Task inputs:
►
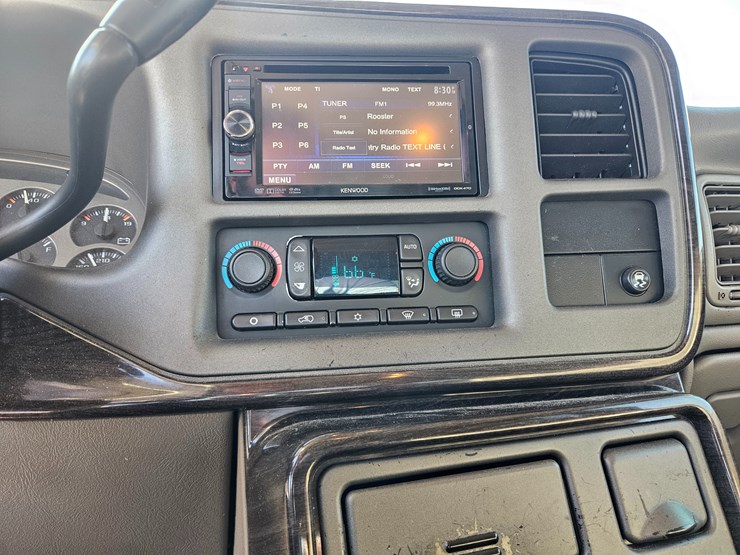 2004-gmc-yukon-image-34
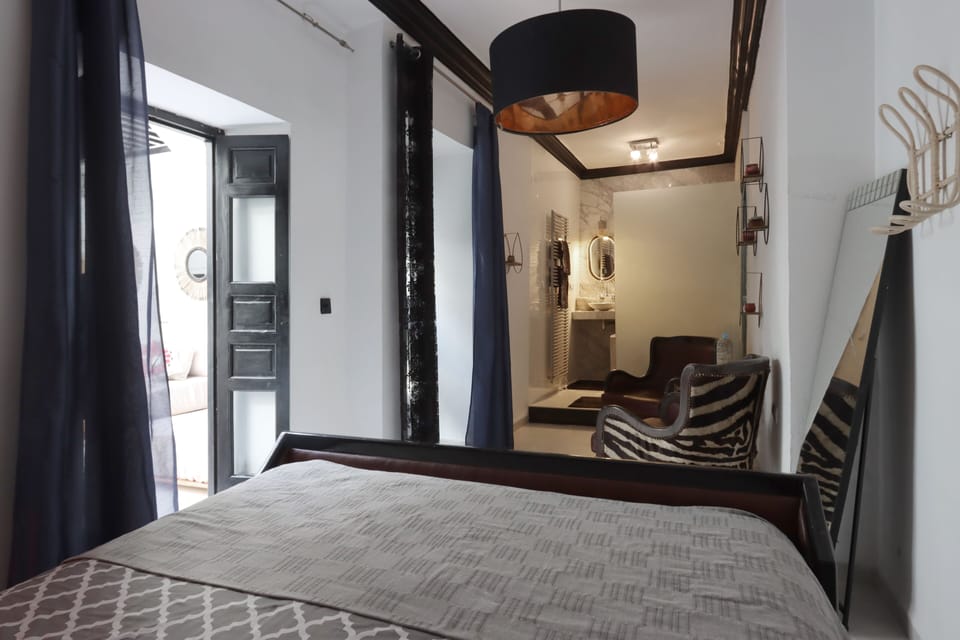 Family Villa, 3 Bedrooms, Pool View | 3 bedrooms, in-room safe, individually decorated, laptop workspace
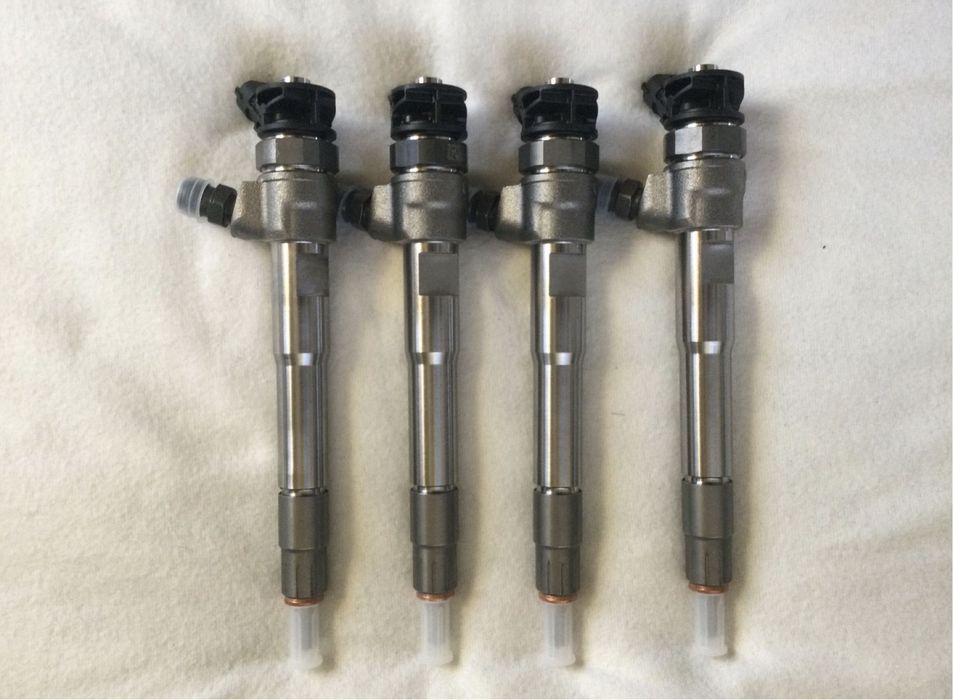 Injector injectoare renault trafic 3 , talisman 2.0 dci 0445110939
◄
►
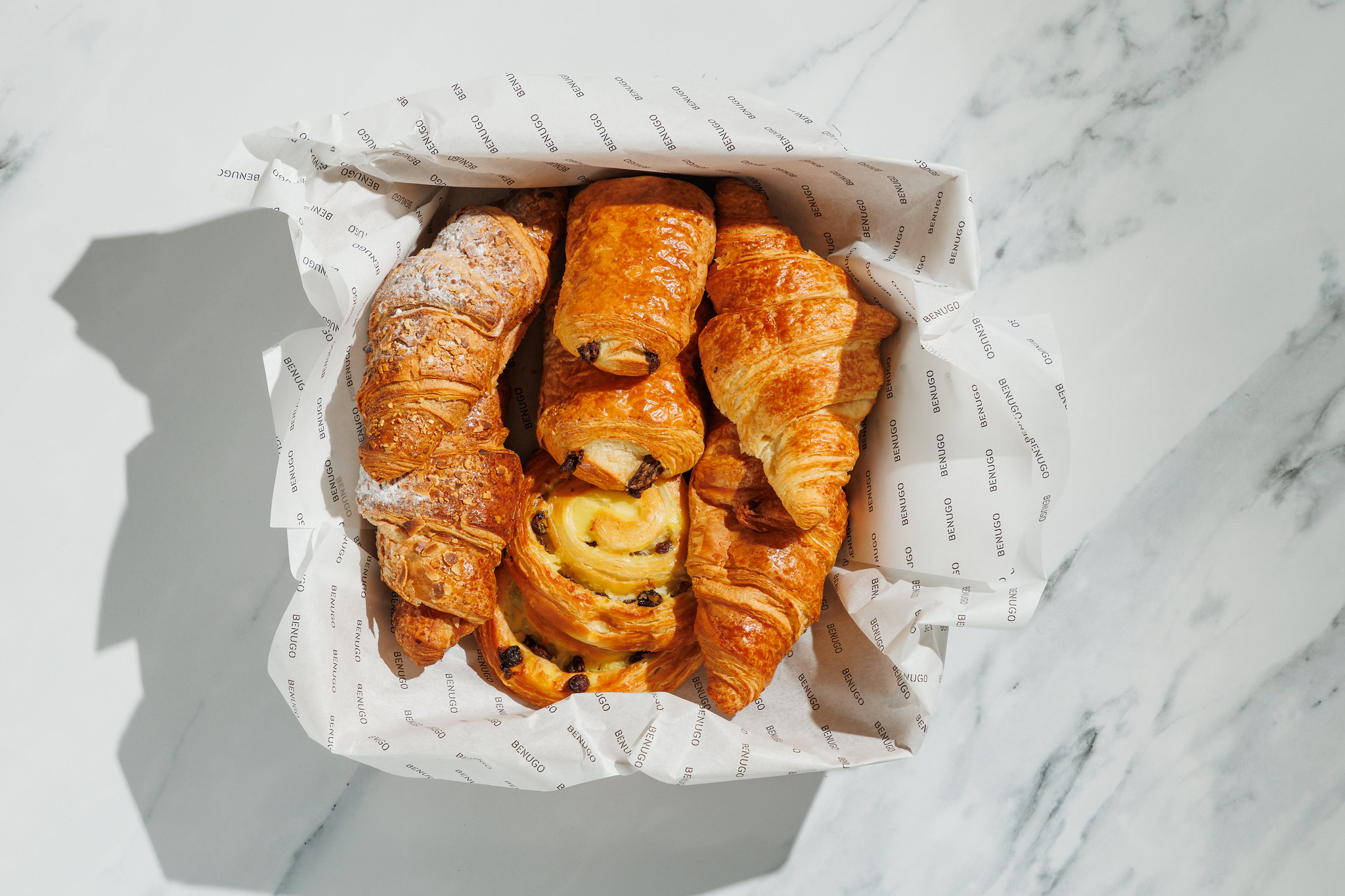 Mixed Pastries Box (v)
◄
Your objective: Go back to the listing above and write out the lines starting at the one with "Family Villa, 3" and ending at the one with "Injector injectoare renault", inclusive, exactly and without pictures.

Output:
 Family Villa, 3 Bedrooms, Pool View | 3 bedrooms, in-room safe, individually decorated, laptop workspace
 Injector injectoare renault trafic 3 , talisman 2.0 dci 0445110939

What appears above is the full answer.